Dans un amphithéâtre bondé, Nouamane Lahlou se tenait en chef d’orchestre, expliquant à un dense auditoire d'étudiants les courants musicaux, évoquait leurs paroliers et leurs poètes. Il avait à cœur d’apprendre ou de rappeler à la nouvelle génération qu'elle appartient à un pays aux racines civilisationnelles profondes, pas seulement par son université Al Quaraouiyine, ses savants, ainsi que par ses martyrs, ses saints ou ses traditions, mais aussi par une riche histoire qui a façonné l'homme marocain et produit ce qui le distingue et fait sa particularité marocaine. Dans l’ancrage des valeurs qu’il recèle, la culture a joué un rôle fondamental qui fait du patrimoine immatériel du Maroc un capital perpétuellement fructueux et fécond à connaitre et à préserver.

La marée noire 

Le Maroc avait souffert dans les années quatre-vingt-dix des conséquences du naufrage d'un navire chargé d’hydrocarbures qui menaçaient le littoral marocain. Cette catastrophe a montré la capacité du Maroc à faire face à cette menace venant de la mer. En réponse à son appel, plusieurs pays ont envoyé des experts, des barrages flottants et du matériel pour contenir la marée noire. Le Roi Fahd Ibn Abdulaziz d’Arabie Saoudite a envoyé un chèque de cinq milliards de dh pour soutenir les efforts du Maroc. 

L’épreuve passée, il s'est avéré que le chèque était toujours à la Banque du Maroc. Hassan II, pour estampiller le soutien saoudien du sceau de la fraternité, a décidé de ne pas l'intégrer au budget de l'État, mais de le consacrer à la réalisation d'un rêve qu'il caressait : construire une université à Ifrane. Ainsi fut fondée l'Université Al Akhawayn (les deux frères) Hassan II et Fahd bin Abdulaziz.
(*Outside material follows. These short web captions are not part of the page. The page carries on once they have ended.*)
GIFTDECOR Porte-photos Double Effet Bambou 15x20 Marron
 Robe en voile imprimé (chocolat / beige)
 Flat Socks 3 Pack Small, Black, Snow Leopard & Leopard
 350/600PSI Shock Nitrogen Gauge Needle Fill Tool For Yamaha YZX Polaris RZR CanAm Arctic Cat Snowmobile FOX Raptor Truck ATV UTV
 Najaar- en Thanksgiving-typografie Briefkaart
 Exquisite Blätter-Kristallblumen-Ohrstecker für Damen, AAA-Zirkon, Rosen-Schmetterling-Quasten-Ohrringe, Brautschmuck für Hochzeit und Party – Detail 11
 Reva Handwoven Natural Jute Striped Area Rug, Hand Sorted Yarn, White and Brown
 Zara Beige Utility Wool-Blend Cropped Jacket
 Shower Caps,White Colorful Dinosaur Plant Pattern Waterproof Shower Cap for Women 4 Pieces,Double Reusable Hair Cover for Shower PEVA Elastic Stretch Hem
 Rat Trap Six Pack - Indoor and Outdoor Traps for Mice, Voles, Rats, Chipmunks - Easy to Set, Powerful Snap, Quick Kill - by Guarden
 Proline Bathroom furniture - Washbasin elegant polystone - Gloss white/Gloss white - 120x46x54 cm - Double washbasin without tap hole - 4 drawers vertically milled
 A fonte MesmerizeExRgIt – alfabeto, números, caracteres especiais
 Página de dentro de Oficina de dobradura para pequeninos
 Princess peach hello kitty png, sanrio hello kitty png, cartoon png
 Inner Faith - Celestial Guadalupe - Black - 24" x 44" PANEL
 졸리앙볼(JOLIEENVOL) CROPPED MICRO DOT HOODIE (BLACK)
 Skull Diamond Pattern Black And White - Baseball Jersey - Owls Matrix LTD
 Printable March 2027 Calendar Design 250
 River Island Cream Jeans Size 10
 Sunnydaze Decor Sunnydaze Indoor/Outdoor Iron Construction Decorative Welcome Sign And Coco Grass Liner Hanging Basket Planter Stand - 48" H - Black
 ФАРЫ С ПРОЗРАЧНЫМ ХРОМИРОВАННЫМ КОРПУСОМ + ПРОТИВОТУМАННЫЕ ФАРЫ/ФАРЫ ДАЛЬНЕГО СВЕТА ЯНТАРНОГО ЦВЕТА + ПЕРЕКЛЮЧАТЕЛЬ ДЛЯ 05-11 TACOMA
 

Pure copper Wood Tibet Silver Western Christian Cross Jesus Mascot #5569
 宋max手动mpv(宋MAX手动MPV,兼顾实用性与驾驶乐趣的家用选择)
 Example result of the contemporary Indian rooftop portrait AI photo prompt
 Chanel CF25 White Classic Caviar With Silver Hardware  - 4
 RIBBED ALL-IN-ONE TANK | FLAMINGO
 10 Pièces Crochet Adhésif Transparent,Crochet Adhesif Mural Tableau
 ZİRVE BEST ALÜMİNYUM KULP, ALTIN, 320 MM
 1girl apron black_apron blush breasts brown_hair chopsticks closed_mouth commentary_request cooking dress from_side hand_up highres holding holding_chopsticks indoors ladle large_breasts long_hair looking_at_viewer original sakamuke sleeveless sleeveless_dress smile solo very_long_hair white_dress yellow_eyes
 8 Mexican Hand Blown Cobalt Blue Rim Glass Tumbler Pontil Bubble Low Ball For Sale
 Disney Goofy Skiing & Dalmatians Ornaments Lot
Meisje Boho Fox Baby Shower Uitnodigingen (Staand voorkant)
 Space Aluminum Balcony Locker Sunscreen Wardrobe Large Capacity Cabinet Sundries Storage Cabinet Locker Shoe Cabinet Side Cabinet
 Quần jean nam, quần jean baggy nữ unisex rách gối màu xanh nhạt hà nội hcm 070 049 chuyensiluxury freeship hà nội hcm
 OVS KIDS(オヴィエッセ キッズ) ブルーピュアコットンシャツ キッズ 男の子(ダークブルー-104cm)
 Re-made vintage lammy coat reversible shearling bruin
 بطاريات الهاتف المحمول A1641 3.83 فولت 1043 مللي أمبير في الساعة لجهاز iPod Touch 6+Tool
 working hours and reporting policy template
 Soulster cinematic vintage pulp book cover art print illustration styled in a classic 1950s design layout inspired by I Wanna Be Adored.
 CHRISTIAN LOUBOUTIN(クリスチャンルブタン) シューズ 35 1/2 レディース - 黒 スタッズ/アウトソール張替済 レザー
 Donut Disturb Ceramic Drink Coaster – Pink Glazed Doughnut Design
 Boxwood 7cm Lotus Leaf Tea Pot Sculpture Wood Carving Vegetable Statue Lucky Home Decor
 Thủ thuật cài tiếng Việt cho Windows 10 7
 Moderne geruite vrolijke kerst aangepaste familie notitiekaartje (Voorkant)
L’histoire par et dans la chanson 

À l'Université Al Akhawayn, qui compte quatre mille étudiant(e)s, l'enseignement se fait en anglais, pour qu’elle serve, selon le vœu de Hassan II, de fenêtre sur le monde anglo-saxon, à travers sa langue qui est celle de la finance, des affaires et de la recherche scientifique... C'est pourquoi Nouamane s'adressa à l'audience en anglais, la langue d’enseignement de cette université, nichée au cœur de la forêt de l'Atlas, avec une architecture spécifique adaptée aux particularités climatiques de la région. J'ai dit aux étudiants, dans un anglais hésitant, "Je ne parle pas la langue de vos études, donc je vais vous parler en arabe simplifié". J'ai expliqué que la chanson nationale était liée au mouvement national pendant la colonisation, et que ses paroles, chantées par les nationalistes il y a cent ans, appelaient à l'indépendance et à la dignité, ce qui perturbait les autorités du protectorat qui tentaient vainement d’interdire les chants exaltant le sentiment national. Les chanter était pour les patriotes marocains un défi, une source d’énergie qui inspirait l’unité et l’espoir dans la lutte pour l’obtention de l'indépendance.

Une chorale improvisée

Après avoir présenté plusieurs exemples, je suis passé aux chansons qui ont accompagné l'exil et le retour de Mohammed V. J'ai rappelé, récitant des vers et des mélodies, certaines chansons qui restent profondément ancrés dans la mémoire collective. J'ai abordé les années soixante-dix, parlé de la vague Nass El Ghiwane et de Jil Jilala, et me suis longuement attardé sur le désir de Hassan II de mettre en mots l'hymne national. Après un concours ouverts à tous les créateurs, il a approuvé la poésie de Moulay Ali Skalli que tous connaissent aujourd’hui.

Puis, j'ai évoqué la Marche Verte qui a permis la récupération des territoires marocains du sud, et expliqué les circonstances et les anecdotes des chansons qu'elle a inspirées. J’ai terminé en demandant aux étudiants d’improviser une chorale reprenant les chants de l’épopée.